There have been numerous times in my life in which I have felt my voice was not heard. Steadily talking with lips moving, hand gestures flowing, but on mute the entire time. I believe the most frustrating of these situations is when I was “asked” for my opinion or thoughts, but there was no true desire for them to be heard. The circumstances in which persons are pretending to be inclusive and engaging, but it is really an act of going through the motions and to mark the check box on the “To Do” list. When it comes to matters of diversity, I have often been the token in a variety of situations since I address two check boxes, being African American and a woman.

“So, what is needed to make this work environment more appealing to women?”, I’ve been asked. Before I could gather my thoughts, I could see them grabbing the remote and pressing the mute button. At this point in life, before I even start thinking of a response, I first ask “Are you actually going to do something with this information? Because I don’t like my time being wasted.” The looks of shock, disbelief and “oh no she didn’t” often appear on faces.

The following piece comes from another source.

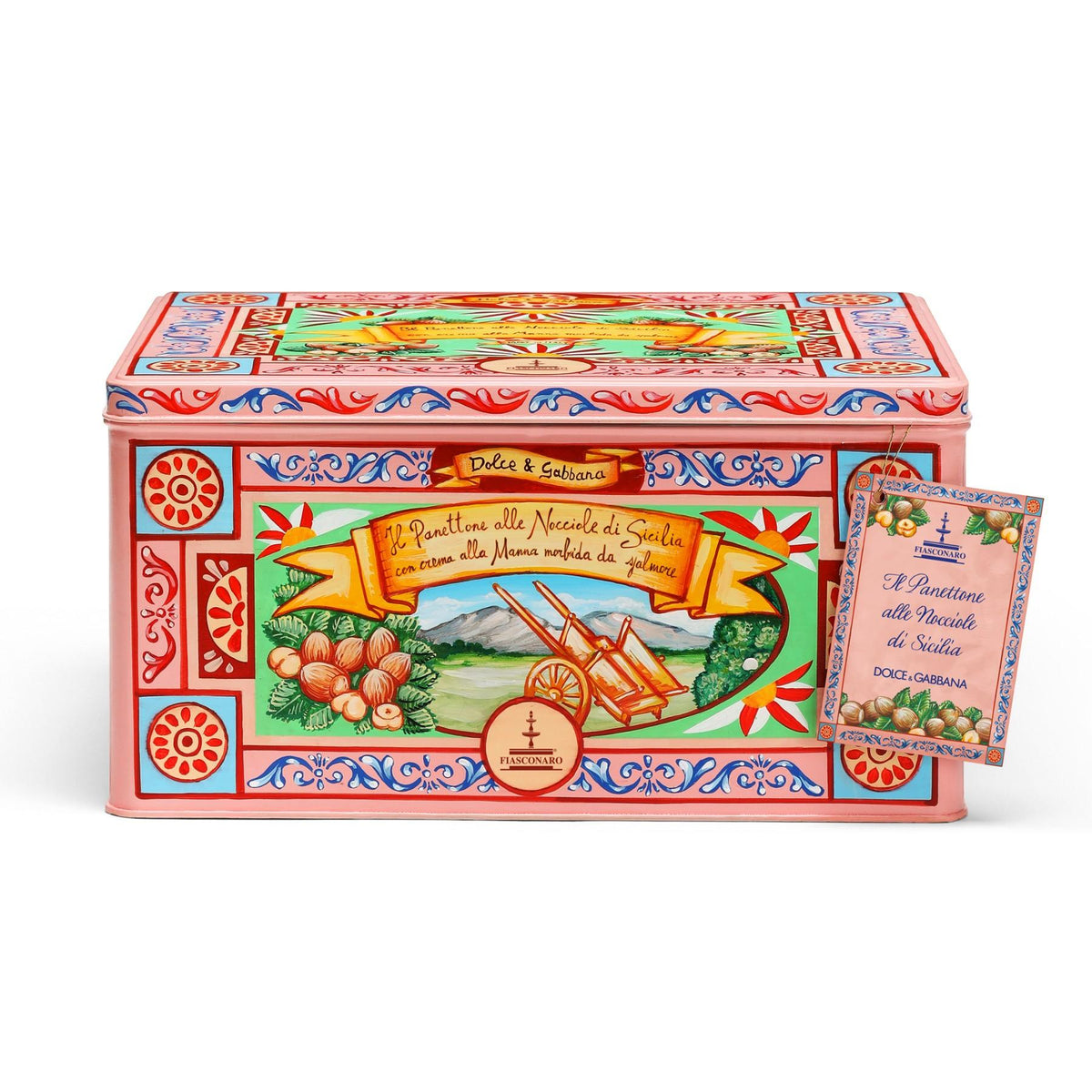 Panettone Dolce & Gabbana Sicilian Hazelnuts 800g with Manna Spread 200g
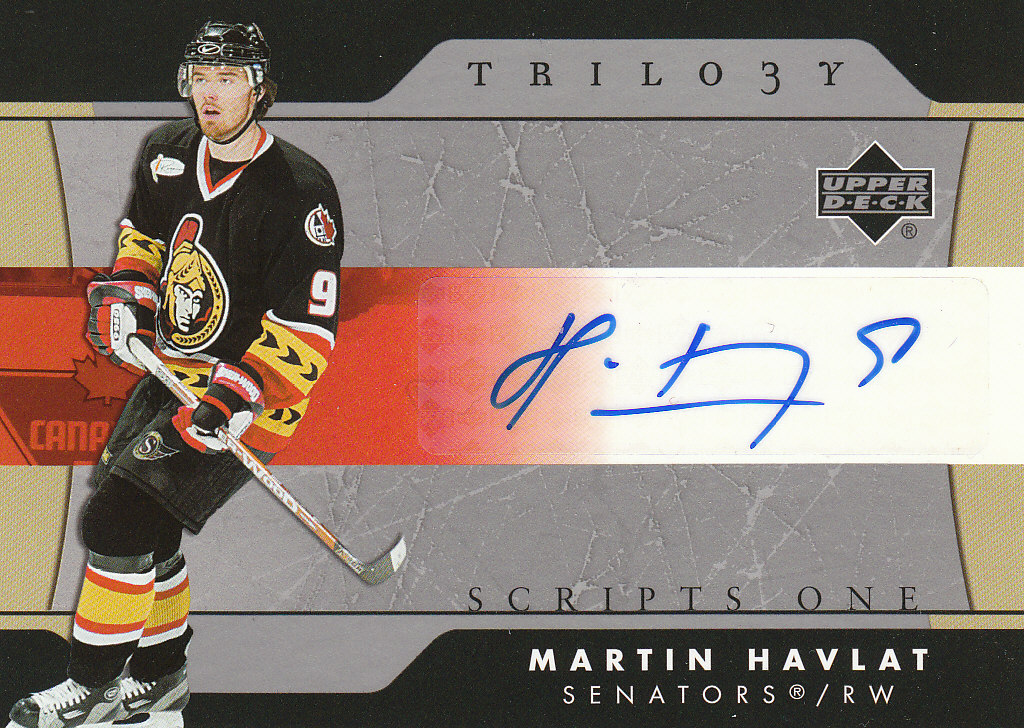 2005-06 Upper Deck Trilogy Scripts #SFSMH Martin Havlat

But it makes them acknowledge that I have power in the situation. Though I must admit, I could be a bit more tactful at times. The older I get, the more comfortable I have become calling people out on their hidden agendas and motives. Unfortunately, these experiences have occurred not only at work, but also in church settings. But in whatever setting a woman may be, she needs to be able to identify her power and harness it. And unafraid to make people acknowledge when her voice is being muted.